More blocks on the chain: State-owned aerospace firm joins the new scheme
The next player to adapt blockchain for fighting invoices-induced corruption is the state-owned China Aerospace Science and Industry Corporation Ltd.
According to an article in the official state newspaper, People’s Daily, that was republished by the State Administration of Science, Technology and Industry for National Defence, blockchain will help innovate the supervision of invoices for tax purposes nationwide.
As the article suggests, electronic invoices are on the rise in China: In 2017, there were around 1.31 billion electronic invoices in circulation, and by 2022, the number is expected to hit 54.55 billion, as the projected average annual growth rate constitutes over 100 percent.
China Aerospace, in turn, uses electronic invoice services that are end-to-end, covering issuance, delivery, filing, inspection and reimbursement for the country’s taxpayers and authorities. It has already issued some 2.5 billion invoices to date, as per the People’s Daily article.

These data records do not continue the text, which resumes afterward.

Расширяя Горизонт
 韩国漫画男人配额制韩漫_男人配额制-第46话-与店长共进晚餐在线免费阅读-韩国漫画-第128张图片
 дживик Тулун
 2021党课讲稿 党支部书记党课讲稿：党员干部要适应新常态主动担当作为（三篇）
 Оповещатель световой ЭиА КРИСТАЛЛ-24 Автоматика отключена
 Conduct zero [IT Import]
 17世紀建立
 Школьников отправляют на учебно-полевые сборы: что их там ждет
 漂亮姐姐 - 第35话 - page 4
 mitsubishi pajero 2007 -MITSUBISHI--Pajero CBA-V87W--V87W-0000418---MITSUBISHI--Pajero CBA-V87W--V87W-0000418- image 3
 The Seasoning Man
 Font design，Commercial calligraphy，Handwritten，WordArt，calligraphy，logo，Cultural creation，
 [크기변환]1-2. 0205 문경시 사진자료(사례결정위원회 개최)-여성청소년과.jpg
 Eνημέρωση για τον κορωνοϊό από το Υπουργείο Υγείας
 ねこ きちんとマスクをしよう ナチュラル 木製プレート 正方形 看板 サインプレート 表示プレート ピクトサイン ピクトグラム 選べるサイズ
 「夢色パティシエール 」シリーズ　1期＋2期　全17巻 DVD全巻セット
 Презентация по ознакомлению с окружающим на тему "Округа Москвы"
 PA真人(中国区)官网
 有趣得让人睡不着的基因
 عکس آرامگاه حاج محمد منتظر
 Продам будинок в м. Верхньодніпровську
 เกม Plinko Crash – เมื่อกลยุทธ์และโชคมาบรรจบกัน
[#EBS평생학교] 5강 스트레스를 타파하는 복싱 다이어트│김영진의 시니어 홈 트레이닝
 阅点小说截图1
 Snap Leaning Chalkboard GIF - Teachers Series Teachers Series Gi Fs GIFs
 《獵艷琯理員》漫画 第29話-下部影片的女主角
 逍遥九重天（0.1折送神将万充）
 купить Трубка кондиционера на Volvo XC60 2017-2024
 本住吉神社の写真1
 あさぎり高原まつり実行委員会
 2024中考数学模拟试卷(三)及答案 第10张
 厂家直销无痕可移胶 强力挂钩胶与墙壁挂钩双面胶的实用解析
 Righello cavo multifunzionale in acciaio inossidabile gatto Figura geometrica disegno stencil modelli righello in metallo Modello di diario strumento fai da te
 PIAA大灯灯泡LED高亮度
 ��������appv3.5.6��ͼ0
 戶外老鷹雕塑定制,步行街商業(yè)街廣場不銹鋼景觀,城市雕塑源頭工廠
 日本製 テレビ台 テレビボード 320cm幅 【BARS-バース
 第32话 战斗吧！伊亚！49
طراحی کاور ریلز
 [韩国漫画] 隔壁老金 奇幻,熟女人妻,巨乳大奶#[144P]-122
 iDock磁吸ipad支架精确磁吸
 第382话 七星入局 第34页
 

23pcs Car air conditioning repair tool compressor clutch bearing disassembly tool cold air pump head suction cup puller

However, such an e-invoice system, like the traditional one, is not safe from over-reporting, false-reporting and traceability issues. Hence, China Aerospace has now created a blockchain system to allow for authenticated and “credible” invoice issuance, traceable circulation, and efficient and cost-effective oversight by tax authorities — just like in Shenzhen.
China Aerospace’s representatives are confident about fighting the fapiao corruption at its root with blockchain technology. As a company representative told People’s Daily, the technology will finally resolve the industry’s “pain points.”